Scraped caption text data:
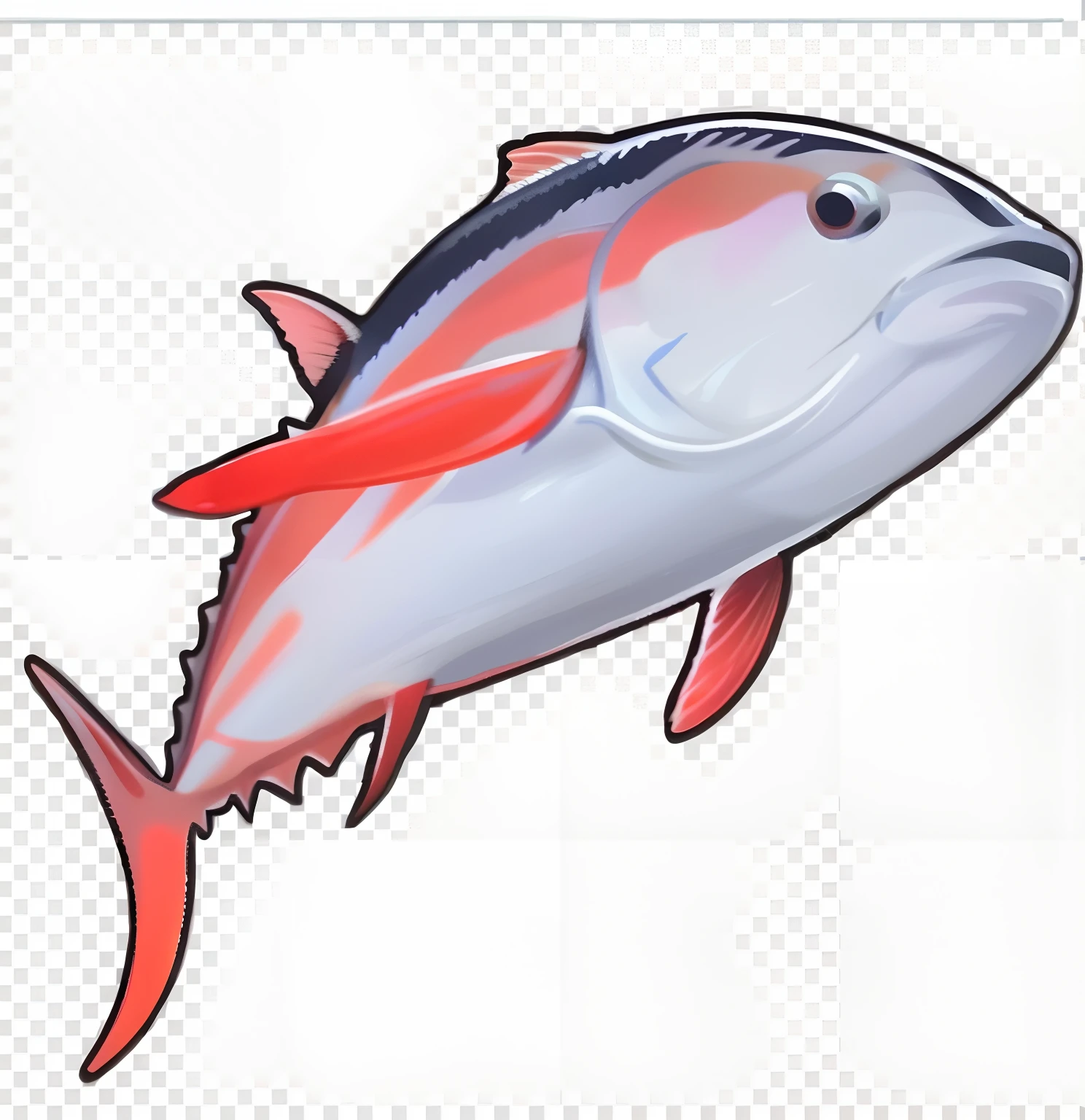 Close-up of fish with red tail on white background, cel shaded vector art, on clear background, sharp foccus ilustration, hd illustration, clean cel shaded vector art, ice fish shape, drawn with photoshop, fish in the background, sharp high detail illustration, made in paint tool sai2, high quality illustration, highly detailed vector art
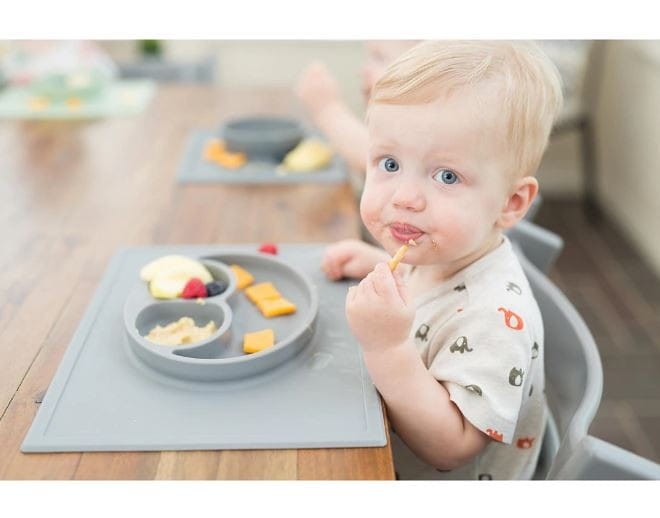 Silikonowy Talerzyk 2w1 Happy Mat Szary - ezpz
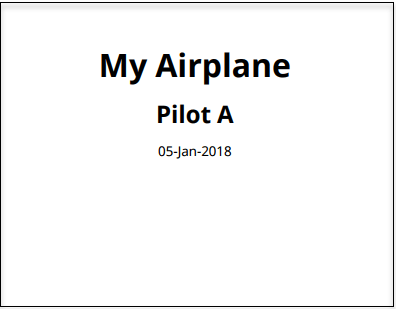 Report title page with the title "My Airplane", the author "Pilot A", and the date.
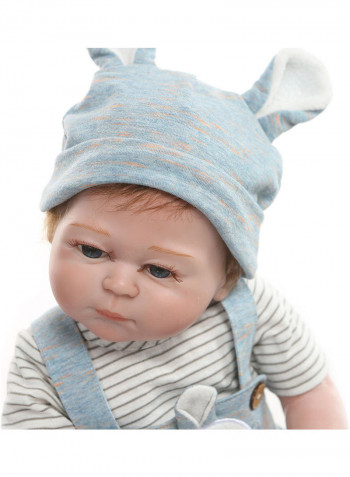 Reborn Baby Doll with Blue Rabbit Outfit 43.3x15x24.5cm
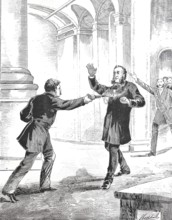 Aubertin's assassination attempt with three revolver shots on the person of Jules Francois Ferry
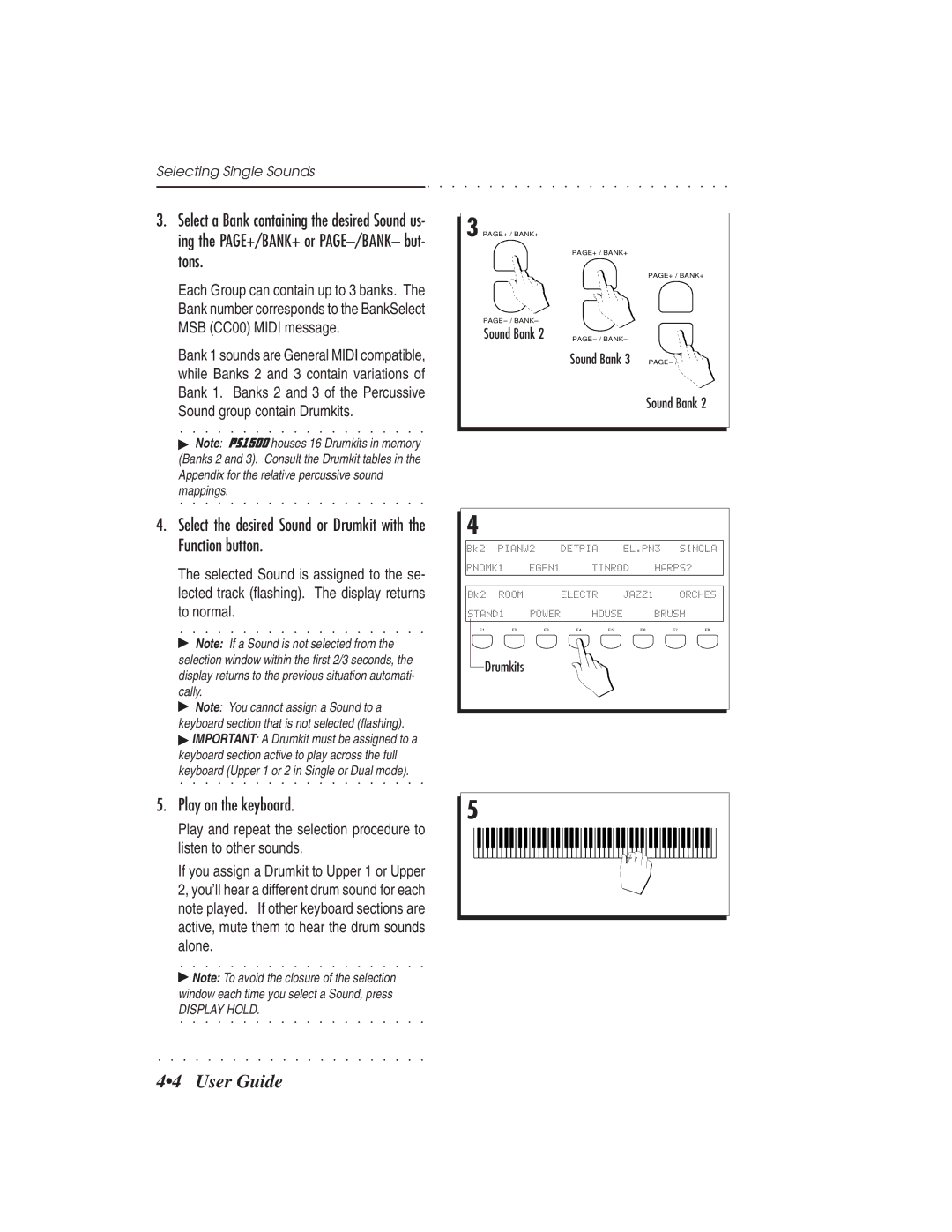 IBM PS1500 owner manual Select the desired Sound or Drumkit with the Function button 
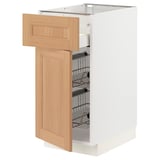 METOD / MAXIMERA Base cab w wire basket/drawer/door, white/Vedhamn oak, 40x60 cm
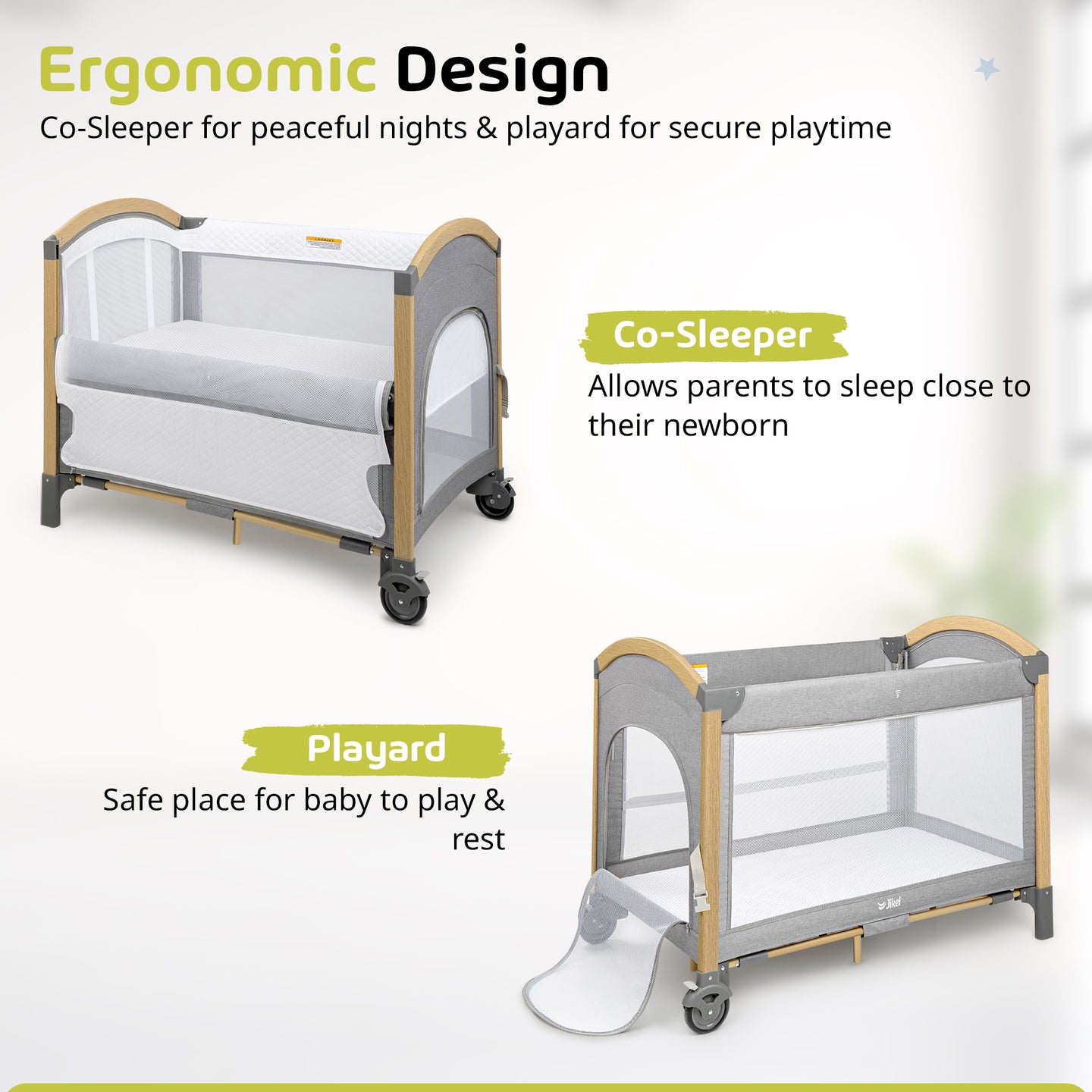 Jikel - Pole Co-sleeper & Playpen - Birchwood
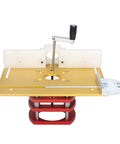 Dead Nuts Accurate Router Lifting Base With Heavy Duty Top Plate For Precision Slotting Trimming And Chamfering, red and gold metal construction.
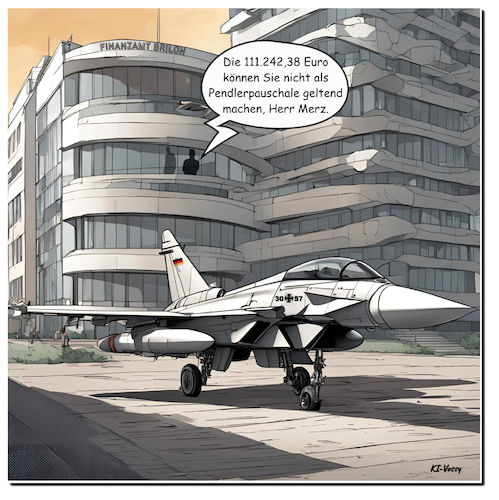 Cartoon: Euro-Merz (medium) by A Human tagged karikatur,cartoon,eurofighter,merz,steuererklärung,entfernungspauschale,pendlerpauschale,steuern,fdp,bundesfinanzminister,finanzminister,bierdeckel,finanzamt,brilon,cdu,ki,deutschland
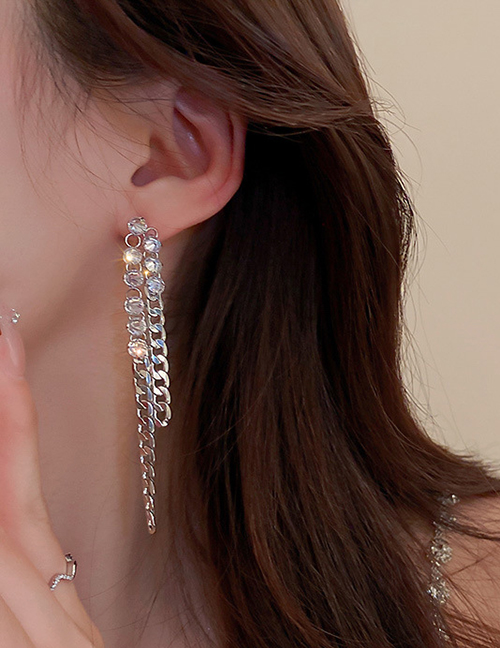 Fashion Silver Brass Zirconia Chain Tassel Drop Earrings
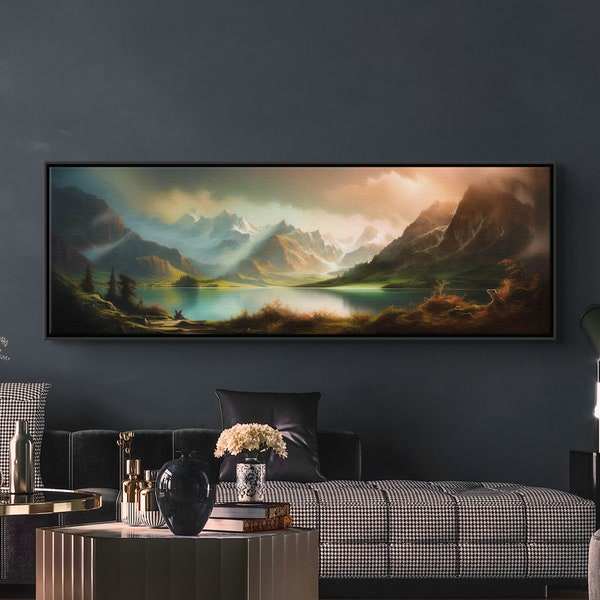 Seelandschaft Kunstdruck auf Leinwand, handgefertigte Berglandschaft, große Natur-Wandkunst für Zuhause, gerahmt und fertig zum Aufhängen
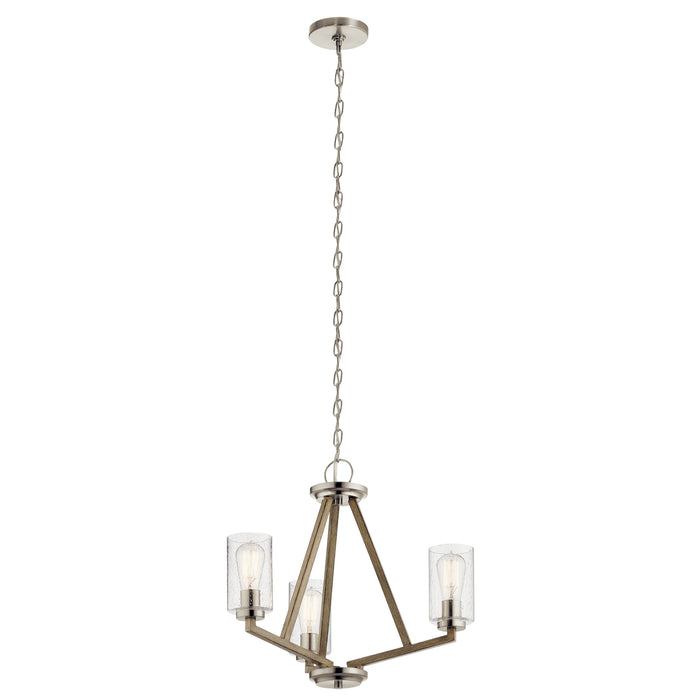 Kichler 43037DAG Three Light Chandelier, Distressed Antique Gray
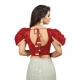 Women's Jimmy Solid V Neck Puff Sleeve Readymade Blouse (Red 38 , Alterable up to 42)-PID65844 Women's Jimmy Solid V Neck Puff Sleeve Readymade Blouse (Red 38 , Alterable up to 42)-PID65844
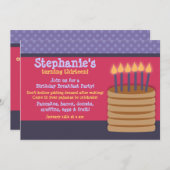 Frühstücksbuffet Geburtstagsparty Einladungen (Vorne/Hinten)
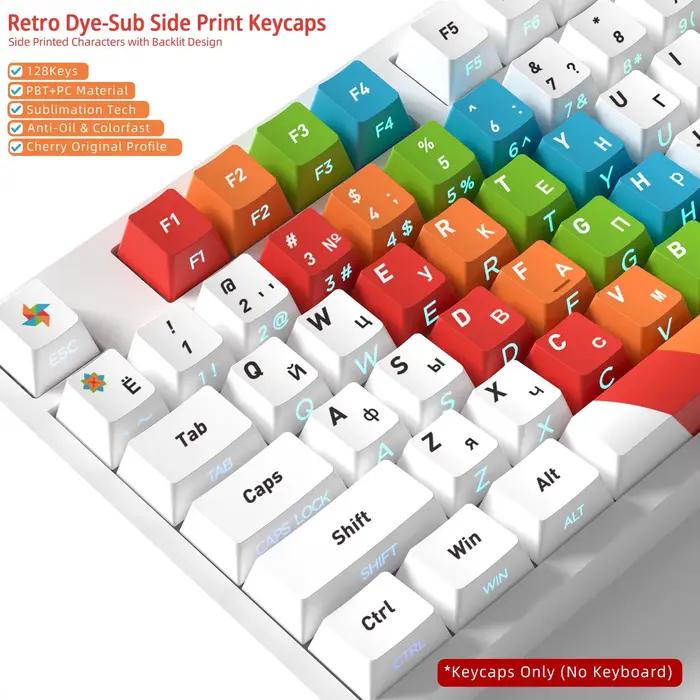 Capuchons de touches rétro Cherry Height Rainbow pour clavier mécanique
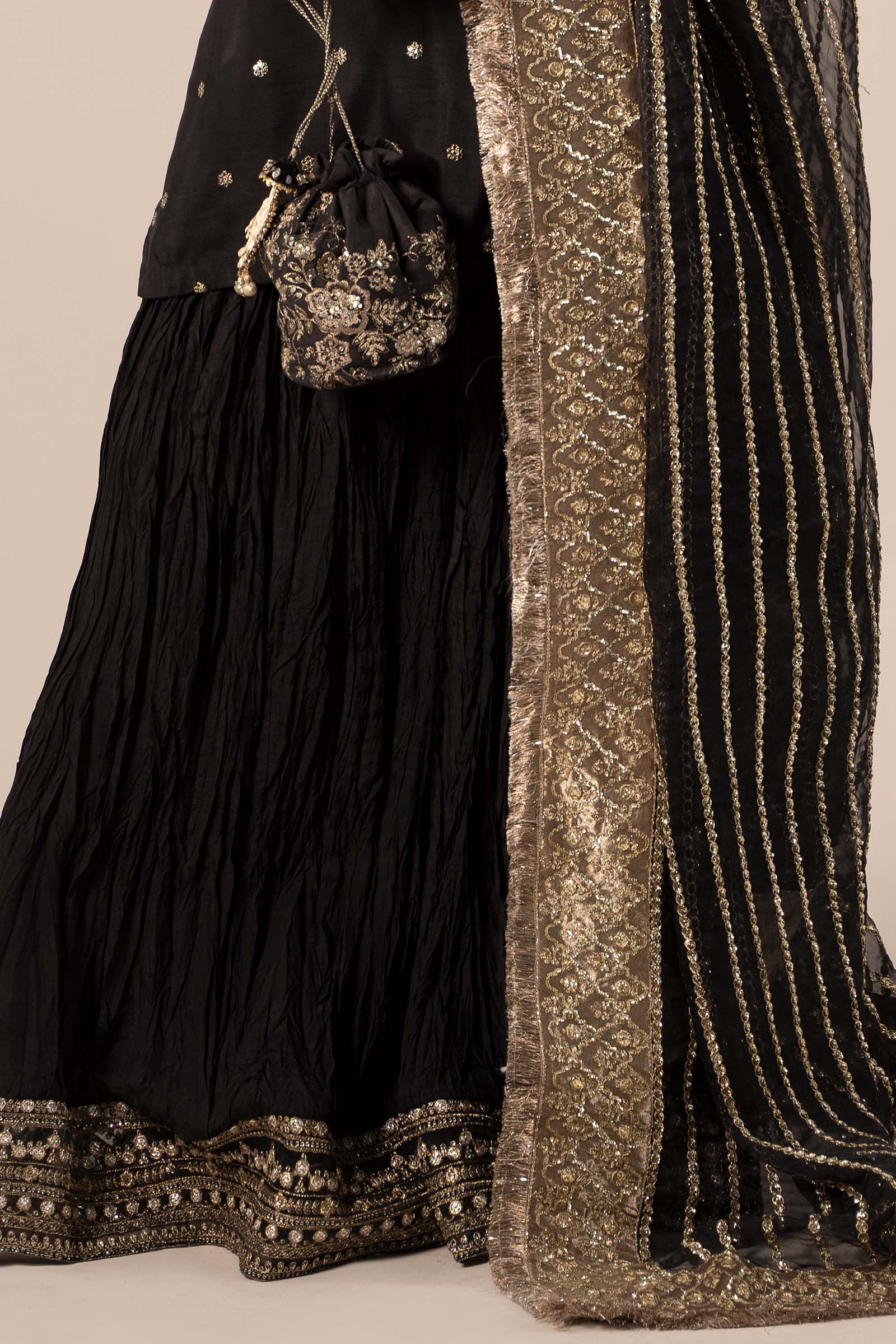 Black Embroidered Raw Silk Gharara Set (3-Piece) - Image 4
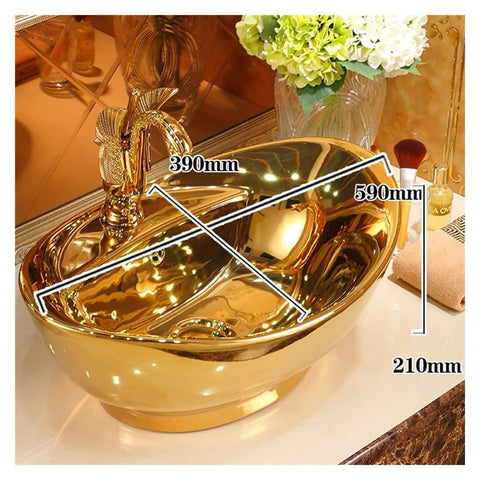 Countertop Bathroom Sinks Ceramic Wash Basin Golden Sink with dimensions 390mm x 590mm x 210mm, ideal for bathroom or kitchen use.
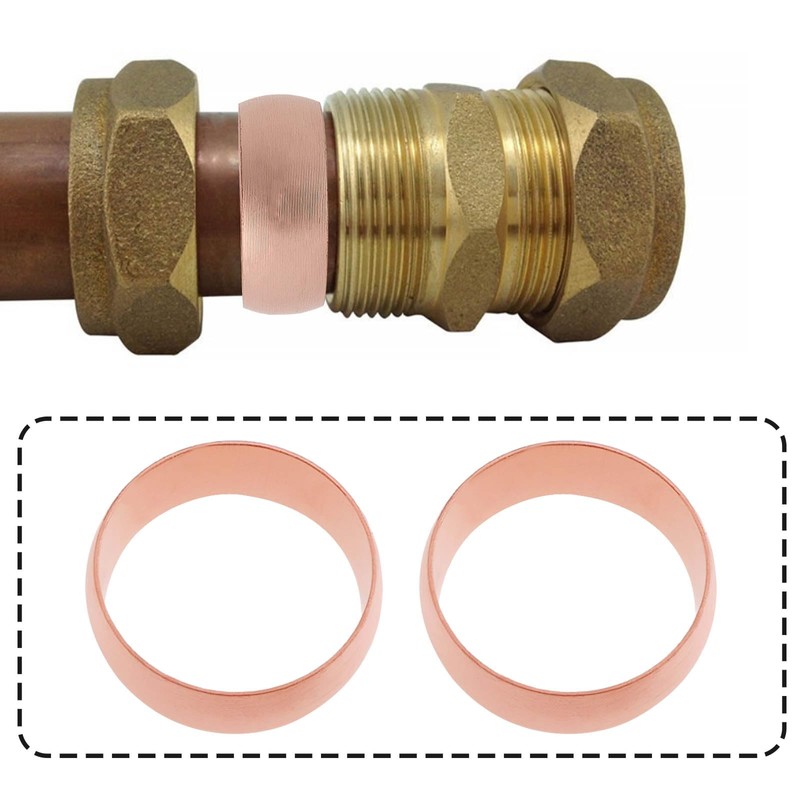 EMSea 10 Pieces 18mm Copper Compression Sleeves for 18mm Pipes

- [EXERCISE]:
Would you retype the entries above in full, exactly as written, minus the pictures?

- [RESPONSE TO THE TASK]:
 Close-up of fish with red tail on white background, cel shaded vector art, on clear background, sharp foccus ilustration, hd illustration, clean cel shaded vector art, ice fish shape, drawn with photoshop, fish in the background, sharp high detail illustration, made in paint tool sai2, high quality illustration, highly detailed vector art
 Silikonowy Talerzyk 2w1 Happy Mat Szary - ezpz
 Report title page with the title "My Airplane", the author "Pilot A", and the date.
 Reborn Baby Doll with Blue Rabbit Outfit 43.3x15x24.5cm
 Aubertin's assassination attempt with three revolver shots on the person of Jules Francois Ferry
 IBM PS1500 owner manual Select the desired Sound or Drumkit with the Function button 
 METOD / MAXIMERA Base cab w wire basket/drawer/door, white/Vedhamn oak, 40x60 cm
 Jikel - Pole Co-sleeper & Playpen - Birchwood
 Dead Nuts Accurate Router Lifting Base With Heavy Duty Top Plate For Precision Slotting Trimming And Chamfering, red and gold metal construction.
 Cartoon: Euro-Merz (medium) by A Human tagged karikatur,cartoon,eurofighter,merz,steuererklärung,entfernungspauschale,pendlerpauschale,steuern,fdp,bundesfinanzminister,finanzminister,bierdeckel,finanzamt,brilon,cdu,ki,deutschland
 Fashion Silver Brass Zirconia Chain Tassel Drop Earrings
 Seelandschaft Kunstdruck auf Leinwand, handgefertigte Berglandschaft, große Natur-Wandkunst für Zuhause, gerahmt und fertig zum Aufhängen
 Kichler 43037DAG Three Light Chandelier, Distressed Antique Gray
 Women's Jimmy Solid V Neck Puff Sleeve Readymade Blouse (Red 38 , Alterable up to 42)-PID65844 Women's Jimmy Solid V Neck Puff Sleeve Readymade Blouse (Red 38 , Alterable up to 42)-PID65844
 Frühstücksbuffet Geburtstagsparty Einladungen (Vorne/Hinten)
 Capuchons de touches rétro Cherry Height Rainbow pour clavier mécanique
 Black Embroidered Raw Silk Gharara Set (3-Piece) - Image 4
 Countertop Bathroom Sinks Ceramic Wash Basin Golden Sink with dimensions 390mm x 590mm x 210mm, ideal for bathroom or kitchen use.
 EMSea 10 Pieces 18mm Copper Compression Sleeves for 18mm Pipes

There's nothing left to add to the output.